More Americans are feeling optimistic about their retirement savings, according to a new survey.
The survey, by Country Financial, found that 35 percent of Americans now think it is possible for a typical middle-income family to save for a secure retirement. That figure is up six points from this time last year and the first increase in five years.
This increase may be because many Americans did not have to postpone their retirement as a result of the economic downturn. People are also taking positive steps to finance their golden years. Nearly four-in-ten (36 percent) will not have to delay their retirement as a result of the economic downturn. Fifty-seven percent either maintained or increased the amount they contribute to their nest egg, a three-point increase from last year.
However, other survey respondents said they are confronting new realities of retirement caused by years of economic instability. A quarter of Americans must delay their retirement by three years or more.
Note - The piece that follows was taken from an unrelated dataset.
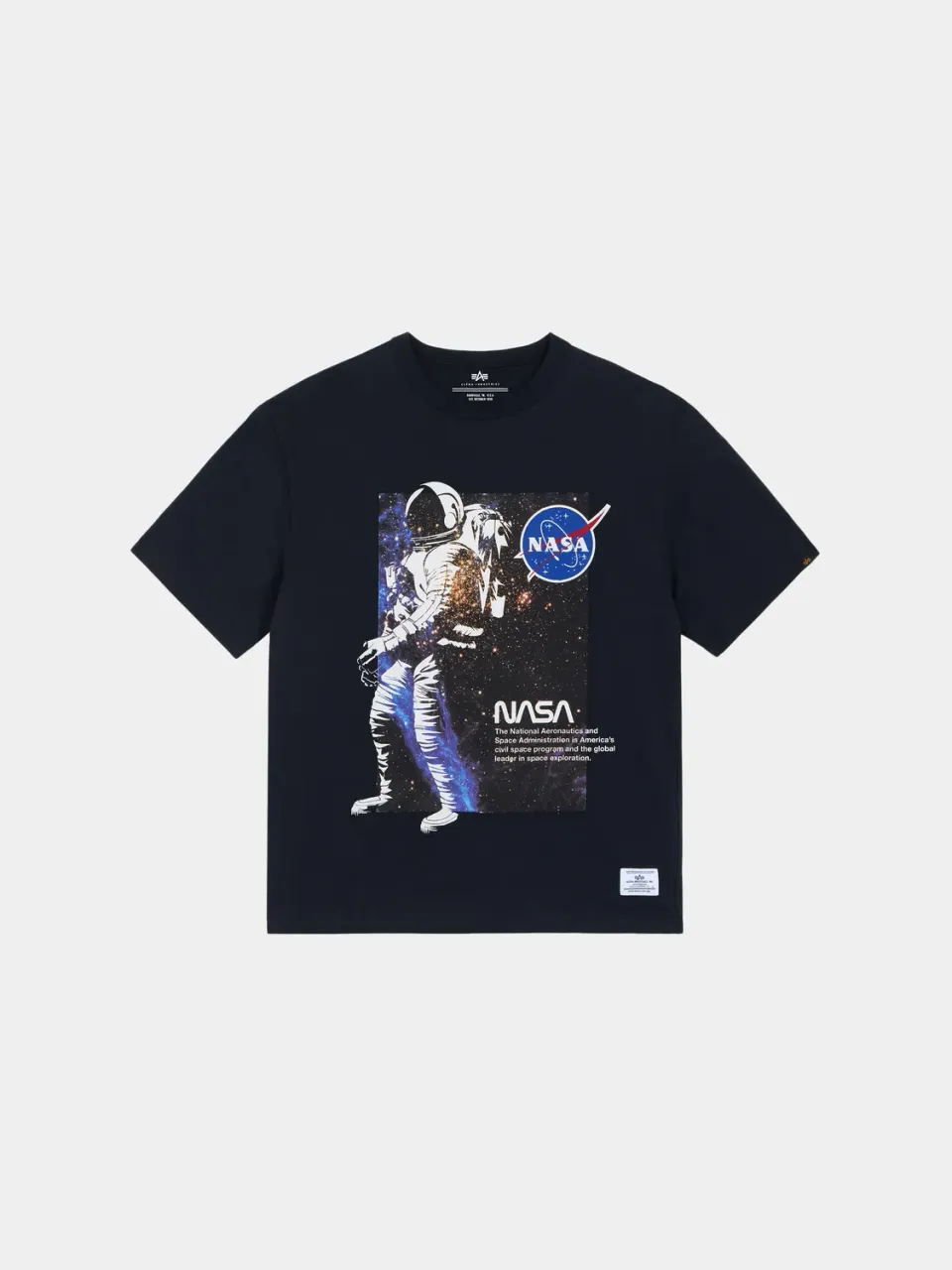 Alpha Industries NASA Astronaut t-shirt noir coton astronaute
This instability might also be why a majority (55 percent) expect to take a part-time job during retirement to augment their savings.
"It's encouraging many are taking a proactive approach to retirement's new realities," said Keith Brannan, vice president of financial security planning. "By regularly updating a long-term savings plan and sticking to it, almost everyone can adapt to economic changes and achieve a secure retirement."
Only one-third of the survey respondents are confident Social Security will pay them all of their promised benefits. Those in the Gen X age group are the least confident. Just 14 percent of those ages 30 to 39 and 26 percent of those 40 to 49 believe they will receive their promised benefits.
Forty-one percent of those with a financial planner say less than one-quarter of their retirement income will come from Social Security. Only 25 percent of those without a planner say the same.